Arrangement of Functions

A comment on The Design Philosophy of the DARPA Internet Protocols (hereafter referred to as DP) and End-to-End Arguments in System Design (hereafter E2E). 这原本是学校作业。

Preface

In the world of software engineering, there are no silver bullets. (Fred Brooks)

The world of IT is characterized for its the high variability of needs, and the high complexity of the systems. As a consequence, no one is able to tell in detail what the final architecture of an IT system would be. Therefore, the only way to fulfill the needs is to iterate with small but steady steps, in the meanwhile being always ready for revision and changes.

Ontogeny recapitulates phylogeny. I believe that for students it is also vital that we take small iterations. I found it hard to anatomize a huge in-use architecture, but much easier to learn from the point when it was just born. Along the developmental timeline, we get to learn the changes in ideas and architectures, unveiling the concerns and trade-offs that are very hard to see or have become intricate in the final product.
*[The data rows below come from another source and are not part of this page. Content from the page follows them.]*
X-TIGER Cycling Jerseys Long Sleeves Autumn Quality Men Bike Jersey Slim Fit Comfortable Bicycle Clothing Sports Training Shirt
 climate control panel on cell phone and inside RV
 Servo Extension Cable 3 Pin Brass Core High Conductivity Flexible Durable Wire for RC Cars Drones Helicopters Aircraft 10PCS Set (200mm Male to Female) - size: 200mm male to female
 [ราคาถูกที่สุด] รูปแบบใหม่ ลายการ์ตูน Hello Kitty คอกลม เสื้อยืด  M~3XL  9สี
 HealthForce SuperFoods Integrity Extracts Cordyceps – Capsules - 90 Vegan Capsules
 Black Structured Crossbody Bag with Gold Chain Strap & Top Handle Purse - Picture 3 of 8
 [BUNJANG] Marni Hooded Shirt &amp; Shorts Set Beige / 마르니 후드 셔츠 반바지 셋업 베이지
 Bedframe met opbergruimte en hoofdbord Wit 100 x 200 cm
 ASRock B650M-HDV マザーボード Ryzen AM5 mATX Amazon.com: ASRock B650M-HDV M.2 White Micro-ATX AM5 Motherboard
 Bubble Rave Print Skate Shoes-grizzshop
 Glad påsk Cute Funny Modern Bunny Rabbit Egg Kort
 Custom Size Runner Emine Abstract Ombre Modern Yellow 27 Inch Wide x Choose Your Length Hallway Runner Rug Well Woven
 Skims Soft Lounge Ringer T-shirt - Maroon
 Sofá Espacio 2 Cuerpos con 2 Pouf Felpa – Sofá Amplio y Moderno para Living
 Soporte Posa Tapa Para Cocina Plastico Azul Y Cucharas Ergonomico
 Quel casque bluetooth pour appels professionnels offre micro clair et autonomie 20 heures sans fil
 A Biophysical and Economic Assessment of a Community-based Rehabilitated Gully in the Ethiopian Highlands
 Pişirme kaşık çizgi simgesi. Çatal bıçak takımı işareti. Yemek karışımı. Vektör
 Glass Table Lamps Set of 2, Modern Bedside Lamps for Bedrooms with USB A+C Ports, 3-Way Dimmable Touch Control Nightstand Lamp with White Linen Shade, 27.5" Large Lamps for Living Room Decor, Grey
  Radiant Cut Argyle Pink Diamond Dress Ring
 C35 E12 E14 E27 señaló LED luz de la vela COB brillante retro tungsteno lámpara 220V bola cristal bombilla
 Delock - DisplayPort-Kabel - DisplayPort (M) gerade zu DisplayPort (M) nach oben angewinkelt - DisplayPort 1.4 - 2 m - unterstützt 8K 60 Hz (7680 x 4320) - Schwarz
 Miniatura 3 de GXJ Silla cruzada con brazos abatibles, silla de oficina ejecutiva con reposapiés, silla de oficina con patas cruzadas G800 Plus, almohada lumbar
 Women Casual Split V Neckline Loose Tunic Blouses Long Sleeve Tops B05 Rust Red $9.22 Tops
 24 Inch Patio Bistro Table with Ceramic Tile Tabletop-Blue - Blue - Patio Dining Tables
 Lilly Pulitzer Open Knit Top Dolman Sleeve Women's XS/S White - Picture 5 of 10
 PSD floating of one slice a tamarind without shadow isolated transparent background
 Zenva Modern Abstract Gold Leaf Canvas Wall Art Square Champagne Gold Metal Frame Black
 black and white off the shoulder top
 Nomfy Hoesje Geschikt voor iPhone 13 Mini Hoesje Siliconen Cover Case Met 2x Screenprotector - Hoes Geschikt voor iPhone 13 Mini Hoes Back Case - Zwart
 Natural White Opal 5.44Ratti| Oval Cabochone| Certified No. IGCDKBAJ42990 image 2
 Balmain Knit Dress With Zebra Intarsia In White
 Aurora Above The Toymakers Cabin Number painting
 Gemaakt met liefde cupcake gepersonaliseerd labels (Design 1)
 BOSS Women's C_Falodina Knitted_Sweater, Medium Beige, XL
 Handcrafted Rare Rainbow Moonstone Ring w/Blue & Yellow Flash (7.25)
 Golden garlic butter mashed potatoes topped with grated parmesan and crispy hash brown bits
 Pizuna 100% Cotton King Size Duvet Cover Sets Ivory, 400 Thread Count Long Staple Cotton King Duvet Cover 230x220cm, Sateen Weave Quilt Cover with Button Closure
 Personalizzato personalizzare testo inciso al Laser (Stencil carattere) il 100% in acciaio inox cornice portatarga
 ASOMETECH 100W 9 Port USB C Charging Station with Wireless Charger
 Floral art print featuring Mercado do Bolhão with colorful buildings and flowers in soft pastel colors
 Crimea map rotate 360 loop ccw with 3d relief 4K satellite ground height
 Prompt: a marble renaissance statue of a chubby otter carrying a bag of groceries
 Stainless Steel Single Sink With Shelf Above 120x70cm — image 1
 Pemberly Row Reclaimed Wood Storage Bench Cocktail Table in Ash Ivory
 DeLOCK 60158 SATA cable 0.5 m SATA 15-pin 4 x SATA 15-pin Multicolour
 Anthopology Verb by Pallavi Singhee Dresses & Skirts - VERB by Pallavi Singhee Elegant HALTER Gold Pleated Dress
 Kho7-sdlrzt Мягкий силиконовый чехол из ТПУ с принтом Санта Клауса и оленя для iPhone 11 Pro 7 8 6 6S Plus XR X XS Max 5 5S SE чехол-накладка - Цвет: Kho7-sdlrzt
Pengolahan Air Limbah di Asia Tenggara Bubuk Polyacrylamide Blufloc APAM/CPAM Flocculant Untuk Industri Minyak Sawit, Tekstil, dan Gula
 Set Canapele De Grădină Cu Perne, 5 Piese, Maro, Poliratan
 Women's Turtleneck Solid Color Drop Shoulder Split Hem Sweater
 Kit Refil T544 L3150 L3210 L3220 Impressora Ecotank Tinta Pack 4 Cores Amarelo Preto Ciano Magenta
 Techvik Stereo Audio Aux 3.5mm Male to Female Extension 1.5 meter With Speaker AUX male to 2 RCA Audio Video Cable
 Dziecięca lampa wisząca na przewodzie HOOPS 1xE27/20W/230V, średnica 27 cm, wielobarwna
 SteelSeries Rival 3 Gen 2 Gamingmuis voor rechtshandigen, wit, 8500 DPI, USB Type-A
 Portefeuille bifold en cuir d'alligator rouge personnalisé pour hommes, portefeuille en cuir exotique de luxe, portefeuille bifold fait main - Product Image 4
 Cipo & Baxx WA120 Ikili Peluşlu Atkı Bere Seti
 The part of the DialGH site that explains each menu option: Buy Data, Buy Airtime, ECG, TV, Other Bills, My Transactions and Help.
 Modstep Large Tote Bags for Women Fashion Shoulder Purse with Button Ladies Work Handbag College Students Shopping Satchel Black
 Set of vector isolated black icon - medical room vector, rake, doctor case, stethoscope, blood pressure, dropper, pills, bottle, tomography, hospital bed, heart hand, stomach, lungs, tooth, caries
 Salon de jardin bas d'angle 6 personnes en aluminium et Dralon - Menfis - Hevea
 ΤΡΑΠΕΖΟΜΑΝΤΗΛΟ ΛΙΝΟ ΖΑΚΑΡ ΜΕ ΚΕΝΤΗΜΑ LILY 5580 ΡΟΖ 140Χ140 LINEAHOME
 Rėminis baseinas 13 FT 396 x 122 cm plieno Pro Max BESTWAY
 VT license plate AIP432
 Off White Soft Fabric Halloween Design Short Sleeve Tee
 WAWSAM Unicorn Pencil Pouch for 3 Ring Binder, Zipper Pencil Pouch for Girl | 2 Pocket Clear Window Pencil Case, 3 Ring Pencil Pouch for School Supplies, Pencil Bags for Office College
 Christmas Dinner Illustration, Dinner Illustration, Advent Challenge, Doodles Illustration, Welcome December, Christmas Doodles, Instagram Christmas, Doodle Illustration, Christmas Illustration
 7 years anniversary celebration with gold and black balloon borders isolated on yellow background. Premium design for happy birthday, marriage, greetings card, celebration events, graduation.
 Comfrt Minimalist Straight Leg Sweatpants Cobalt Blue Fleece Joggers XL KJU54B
The Internet walked a path of the above-mentioned incremental development. Its vitality was proliferated by the careful choices of techniques, and quick responses to newly-arising problems. During the process, great amount of human wisdom has been dedicated to the Internet.

Having read the thousands of words, I came up with a conclusion: Many designs of the Internet were about rational if not optimal arrangement of functions. Any complex system has to arrange a wide range of related functions. With no clever methods the functions will mingle together, resulting in exponential growth of complexity and coupling, making it impossible to change any a bit without crashing down another part. Therefore, in this comment I felt it meaningful to discuss the topic of arranging functions when designing a system.

I was pondering: What was the point in writing a less-brilliant article, when two greater papers had already presented their thoughts here? At first, I decided I was going to make a simple summary of the papers. Yet as I was reading, numerous thoughts arose, which constitutes most of the following contents. Those thoughts were tightly connected to my own learning experience. That was when I realized that everyone reads a paper with a set of knowledge and understanding that is unique to them. The purpose of this comment was not to be a substitute of the papers, but to provide a more comprehensive viewport, to augment the points with my own examples, hopefully helping others gain deeper understanding of the philosophy in software engineering.

Long Live Encapsulation

Keep It Simple, Stupid.

The users' needs are hard to understand

The world of software changes fast, faster than anyone could have thought. As a consequence, it is way too hard to make predictive planning before the implementation [UML Fowler]. The Internet was not designed for world-wide use, nor did it put speed or security at the first place. However, such are of the hottest issues in the domain of networks in recent years. That inspires us that we cannot expect to do all the requirement analysis once and for all.

At the same time, its [the Internet's] success has made clear that in certain situations, the priorities of the designers do not match the needs of the actual users. (DP)

The actual users' needs are hard to understand. This problem prevails not only in Web application development but also in lower levels. I do not want to discuss how to identify the needs. Instead, I want to discuss how we should understand the word encapsulation, so that our sights are not restricted by the method.

Encapsulation takes no restricted forms

The Internet arranges its functions in layers. Layering is one of the fundamental aspects of the Internet. Note that layering, although with little to do with Object-Oriented Design, can also be considered as a form of encapsulation.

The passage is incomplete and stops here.